Georgia, gets all flustered: "Mr. B! You can't do that!"

Mr. B: "I can do whatever the fuck I want. It's your job to make sure I'm happy. Get over here and let me touch them. I haven't gotten any since I've been stuck in here." 

Luckily, she left the room then. She was visible shaken and disturbed when she came and told me. She said that he asked her to bathe him next and that she wanted to say no. I of course told her not to do so. In fact, I didn't let her go back in for the rest of her shift. We assigned boys to that patient for the duration of his stay with us. Female employees who had to care for him used the buddy system while in his room. (This didn't stop him from repeatedly displaying his penis to said female employees on multiple occasions.) We told the story up the hierarchy to our manager and patient rep and nursing supervisor. But nothing came of it. He denied his behavior so it was "his word against hers." Classy. Clearly, we always want to err on the side of being warm and fuzzy to the patient. Way to stand up for the employees.

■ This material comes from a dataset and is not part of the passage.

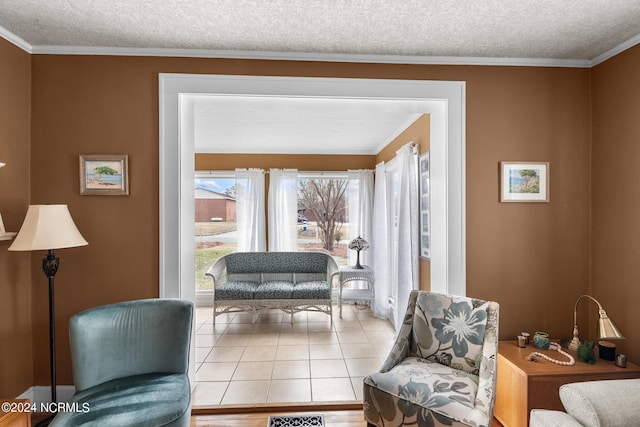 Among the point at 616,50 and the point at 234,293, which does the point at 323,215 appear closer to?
the point at 234,293

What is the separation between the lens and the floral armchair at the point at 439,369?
1736mm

Now I realize I've previously posted a "funny story" about a delirious old guy commenting on my boobs. Double standard. So shoot me. It's a whole different ball game when the comments are coming from a 80-something year old, totally delirious and confused old man and a 40-something year old who's completely with it and has been an ass throughout his whole stay. Both are inappropriate, but there are gradations.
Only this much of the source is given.